The Barbie campaign has been unwrapped and is rolling around the world. Everyone's waking up to the fact that, as the Sun so eloquently put it, Barbie kills trees.

It kicked off with a group of Kens abseiling down the front of Mattel's head office in Los Angeles, draping a banner expressing Ken's outrage at what his on-off girlfriend has been up to on her sojourns to the tropics. With packaging made from Indonesia's rainforests, she's not doing endangered species like orang-utans and Sumatran tigers any favours, not to mention the damage being done to the climate. 

Our own Mattel outpost in Maidenhead was paid a visit by orang-utans, tigers and activists (oh my!), plus early this morning we put up our own lovesick note from Ken next to the most famous advertising space in the country, Piccadilly Circus (see the video above).
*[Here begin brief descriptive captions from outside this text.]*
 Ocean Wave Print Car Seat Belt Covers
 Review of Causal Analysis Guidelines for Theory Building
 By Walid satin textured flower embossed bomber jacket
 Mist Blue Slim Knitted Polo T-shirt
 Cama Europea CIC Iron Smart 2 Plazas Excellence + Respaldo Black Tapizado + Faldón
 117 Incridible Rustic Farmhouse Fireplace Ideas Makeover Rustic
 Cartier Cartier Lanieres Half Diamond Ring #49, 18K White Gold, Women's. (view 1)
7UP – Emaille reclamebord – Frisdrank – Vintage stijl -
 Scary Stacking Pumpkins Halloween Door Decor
It's usually messages of endearment which are broadcast on the scrolling displays above the statue of Anteros, god of requited love, but this time it's more like hate mail. 
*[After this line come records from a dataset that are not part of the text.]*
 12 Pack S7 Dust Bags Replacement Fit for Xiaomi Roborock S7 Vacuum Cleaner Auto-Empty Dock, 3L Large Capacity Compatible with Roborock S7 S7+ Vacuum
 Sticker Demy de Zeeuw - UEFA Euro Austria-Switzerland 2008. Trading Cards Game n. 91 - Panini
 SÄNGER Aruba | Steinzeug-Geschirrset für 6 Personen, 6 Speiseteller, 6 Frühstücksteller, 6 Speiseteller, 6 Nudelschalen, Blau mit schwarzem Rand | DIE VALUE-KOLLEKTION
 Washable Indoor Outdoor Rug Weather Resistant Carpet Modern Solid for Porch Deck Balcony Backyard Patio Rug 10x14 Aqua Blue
There's also the similar posters appearing all over the bus and tube network in London. 

Mattel has been quick to throw its toys out of the pram, telling the LA Times that, "we are surprised and disappointed that [Greenpeace] have taken this inflammatory approach." To which I would say it's a shame that Mattel hasn't taken better care over where it gets its packaging from. 

Asia Pulp and Paper (APP), which supplies some of Mattel's packaging materials, and whose suppliers are responsible for removing vast areas of rainforest, has also issued a statement. Despite APP's recent history of PR greenwash based on skewed logic, it's still a marvellous piece of work. 
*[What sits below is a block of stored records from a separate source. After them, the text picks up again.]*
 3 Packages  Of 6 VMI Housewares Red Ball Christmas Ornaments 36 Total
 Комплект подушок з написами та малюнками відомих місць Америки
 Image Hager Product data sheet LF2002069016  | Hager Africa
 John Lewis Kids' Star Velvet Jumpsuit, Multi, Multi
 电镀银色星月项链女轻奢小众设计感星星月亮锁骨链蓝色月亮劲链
It reiterates the claim that APP has 'set the goal of 100% sustainable plantation pulp by 2015.' But turn that around, and (as Andy pointed out a while back) it means the company is reliant on rainforest timber for at least the next few years, yet APP dismisses our investigative evidence as 'meaningless'. And APP claim that there is no 'high conservation forest (HCV) harvested for pulpwood production.' So why doesn't APP show us the independent evidence that proves this. Perhaps because there isn't any? 

Again, APP (or more likely its PR agency Cohn & Wolfe) is in some serious denial of reality here.

As its customers continue to distance themselves from deforestation, APP is going to realise that having its suppliers destroying vital tiger habitat and accelerating climate change are not the ingredients for long-lasting relationships. Just as Ken and Barbie have discovered.